Figure 7.2 shows the basic design of a cohort study of prognosis. At best, studies of prognosis are of a defined clinical or geographic population, begin observation at a specified point in time in the course of disease, follow-up all patients for an adequate period of time, and measure clinically important outcomes.
Patient Sample
The purpose of representative sampling from a defined population is to assure that study results have the greatest possible generalizability. It is sometimes possible to study prognosis in a complete sample of patients with new-onset disease in large regions. In some countries, the existence of national medical records makes population-based studies of prognosis possible.

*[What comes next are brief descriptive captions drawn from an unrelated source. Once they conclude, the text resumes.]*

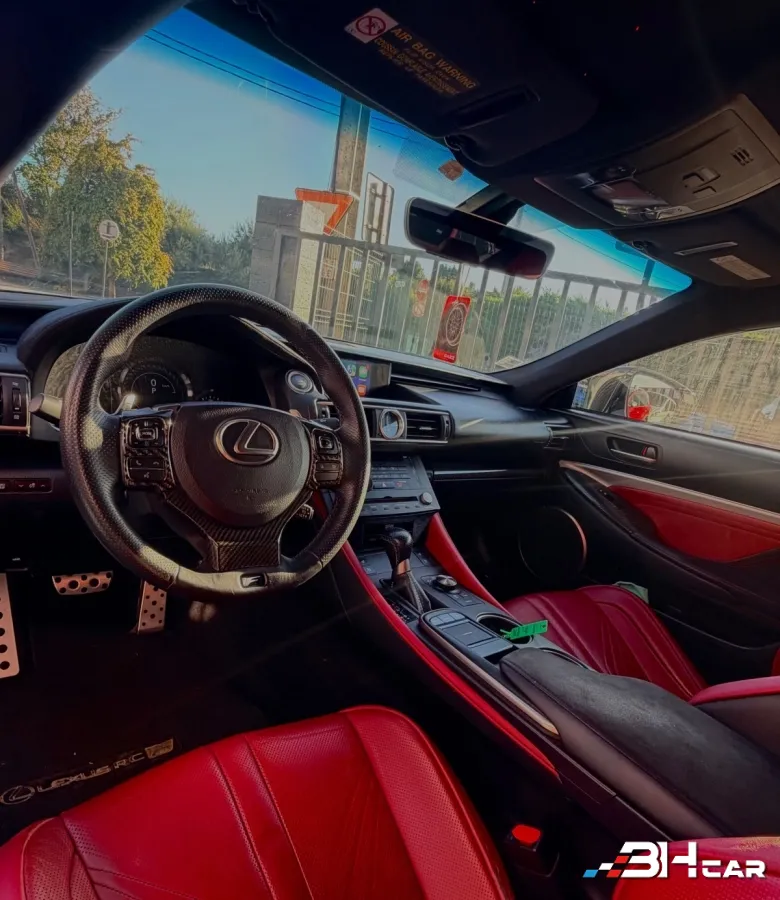 Lexus Rc-f - photo 11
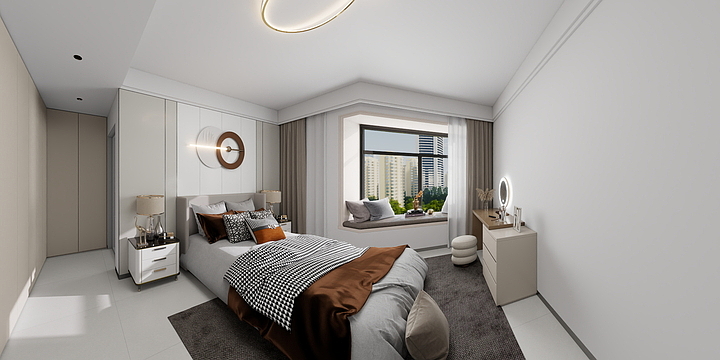 龙謌-李建渭南-装修设计方案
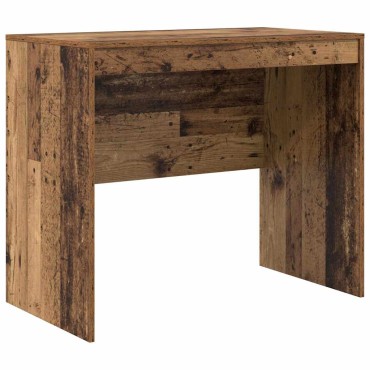 vidaXL Γραφείο Παλιό ξύλο 135,5x50x127cm 2 τμχ. 1 τεμ.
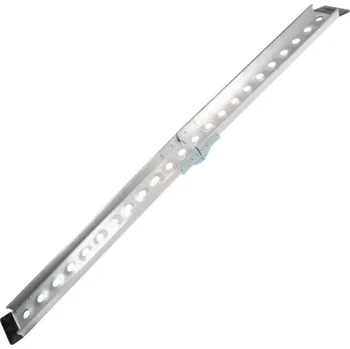 Nakládací rampa pro vozidlo Rampa nájezdová skládací, nosnost 180 kg, délka 228 cm, hliník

Even without national medical records, population-based studies are possible. In the United States, the Network of Organ Sharing collects data on all patients with transplants, and the Surveillance, Epidemiology, and End Results (SEER) program collects incidence and survival data on all patients with newonset cancers in several large areas of the country, comprising 28% of the U.S. population. For primary care questions, in the United States and elsewhere, individual practices in communities have banded together into “primary care research networks” to collect research data on their patients’ care.

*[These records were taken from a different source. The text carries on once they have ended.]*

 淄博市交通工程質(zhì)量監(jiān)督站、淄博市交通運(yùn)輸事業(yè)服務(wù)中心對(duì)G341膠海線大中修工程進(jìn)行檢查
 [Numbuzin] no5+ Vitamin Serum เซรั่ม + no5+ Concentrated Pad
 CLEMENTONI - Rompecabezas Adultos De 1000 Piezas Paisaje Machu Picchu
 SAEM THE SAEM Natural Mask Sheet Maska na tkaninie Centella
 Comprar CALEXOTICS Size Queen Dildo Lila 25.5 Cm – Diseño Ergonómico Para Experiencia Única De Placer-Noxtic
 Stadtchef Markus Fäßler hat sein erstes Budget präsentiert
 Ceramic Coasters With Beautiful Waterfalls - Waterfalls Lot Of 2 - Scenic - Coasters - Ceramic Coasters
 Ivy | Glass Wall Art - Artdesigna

Most studies of prognosis, especially for less common diseases, are of local patients. For these studies, it is especially important to provide the information that users can rely on to decide whether the results generalize to their own situation: patients’ characteristics (e.g., age, severity of disease, and comorbidity), the setting where they were found (e.g., primary care practices, community hospitals, or referral centers), and how they were sampled (e.g., complete, random,
or convenience sampling). Often, this information is sufficient to establish wide generalizability, for example, in studies of community acquired pneumonia or thrombophlebitis in a local hospital.
Zero Time
Cohorts in prognostic studies should begin from a common point in time in the course of disease, called zero time, such as at the time of the onset of symptoms, diagnosis, or the beginning of treatment. If observation begins at different points in the course of disease for the various patients in a cohort, the description of their prognosis will lack precision, and the timing of recovery, recurrence, death, and other outcome events will be difficult to interpret or will be misleading. The term inception cohort is used to describe a group of patients that is assembled at the onset (inception) of their disease.
Prognosis of cancer is often described separately according to patients’ clinical stage (extent of spread) at the beginning of follow-up. If it is, a systematic change in how stage at zero time is established can result in a different prognosis for each stage even if the course of disease is unchanged for each patient in the cohort. This has been shown to happen during staging of cancer—assessing the extent of disease, with higher stages corresponding to more advanced cancer, which is done for the purposes of prognosis and choice of treatment.
Stage migration occurs when a newer technology is able to detect the spread of cancer better than an older staging method. Patients who used to be classified in a lower stage are, with the newer technology, classified as being in a higher (more advanced) stage. Removal of patients with more advanced disease from lower stages results in an apparent improvement in prognosis for each stage, regardless of whether treatment is more effective or prognosis for these patients as a whole is better. Stage migration has been called the “Will Rogers phenomenon” after the humorist who said of the geographic migration in the United States during the economic depression of the 1930s, “When the Okies left Oklahoma and moved to California, they raised the average intelligence in both states” (
5).
Follow-Up
Patients must be followed for a long enough period of time for most of the clinically important outcome events to have occurred. Otherwise, the observed rate will understate the true one. The appropriate length of follow-up depends on the disease. For studies of surgical site infections, the follow-up period should last for a few weeks, and for studies of the onset of AIDS and its complications in patients with HIV infection, the follow-up period should last several years.
Outcomes of Disease
Descriptions of prognosis should include the full range of manifestations of disease that would be considered important to patients. This means not only death and disease but also pain, anguish, and the inability to care for one’s self or pursue usual activities. The 5 Ds—death, disease, discomfort, disability, and dissatisfaction—are a simple way to summarize important clinical outcomes (see
Table 1.2).
In their efforts to be “scientific,” physicians tend to value precise or technologically measured outcomes, sometimes at the expense of clinical relevance. As discussed in
Chapter 1, clinical effects that cannot be directly perceived by patients, such as radiologic reduction in tumor size, normalization of blood chemistries, improvement in ejection fraction, or change in serology, are not clinically useful ends in themselves. It is appropriate to substitute these biologic phenomena for clinical outcomes only when the two are known to be related to each other. Thus, in patients with pneumonia, short-term persistence of abnormalities on chest radiographs may not be alarming if the patient’s fever has subsided, energy has returned, and cough has diminished.
Ways to measure patient-centered outcomes are now used in clinical research.
Table 7.1 shows a simple measure of quality of life used in studies of cancer
treatment. There are also research measures for performance status, health-related quality of life, pain, and other aspects of patient well-being.